Не нашим умом, а Божьим судом... Для Бога жить надо...

Среди основных поучений Толстого в разных его притчах— проповедь нестяжания и необходимости прощать ближним обиду, не воздавать злом за зло. Это: «Два брата и золото» (1885), «Ильяс» (1885), «Вражье лепко, а Божье крепко» (1885), «Девчонки умнее стариков» (1885), «Упустишь огонь— не потушишь» (1885), «Два старика» (1885), «Свечка» (1885), «Много ли человеку земли нужно» (1886) и др.

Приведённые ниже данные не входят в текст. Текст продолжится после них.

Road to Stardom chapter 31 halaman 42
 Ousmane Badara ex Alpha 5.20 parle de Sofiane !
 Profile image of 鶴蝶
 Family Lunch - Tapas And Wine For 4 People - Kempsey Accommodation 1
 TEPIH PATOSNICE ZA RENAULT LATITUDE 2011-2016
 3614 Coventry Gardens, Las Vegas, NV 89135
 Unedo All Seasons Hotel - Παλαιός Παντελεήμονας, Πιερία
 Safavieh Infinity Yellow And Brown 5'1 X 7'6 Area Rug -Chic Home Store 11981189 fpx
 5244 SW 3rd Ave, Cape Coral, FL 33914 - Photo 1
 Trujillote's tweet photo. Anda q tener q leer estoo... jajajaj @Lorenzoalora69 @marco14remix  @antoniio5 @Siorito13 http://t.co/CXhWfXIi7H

«У Бога про всех хватит. Ну, дурное слово сказала, а ты его поправь, научи, как лучше сказать. Ну, подрались— грешные люди. Бывает и это. Ну, подите, попроститесь, да крышка всему. А на зло пойдёте— вам хуже будет» (10,300). Эта мысль, извлечённая из рассказа «Упустишь огонь— не потушишь», звучит у Толстого в разных вариантах едва ли не постоянно.

«...На миру по смерть велел Бог отбывать каждому свой оброк— любовью и добрыми делами» («Два старика»; 10,331).

«И поняли мужики, что не в грехе, а в добре сила Божия» («Свечка»; 10,340).

И так далее. Толстой всё время бьёт в одну и ту же точку.

«Окончание малороссийской легенды «Сорок лет», изданной Костомаровым в 1881г.» (1886). Преступление ради земных сокровищ оборачивается душевными терзаниями во всю оставшуюся жизнь.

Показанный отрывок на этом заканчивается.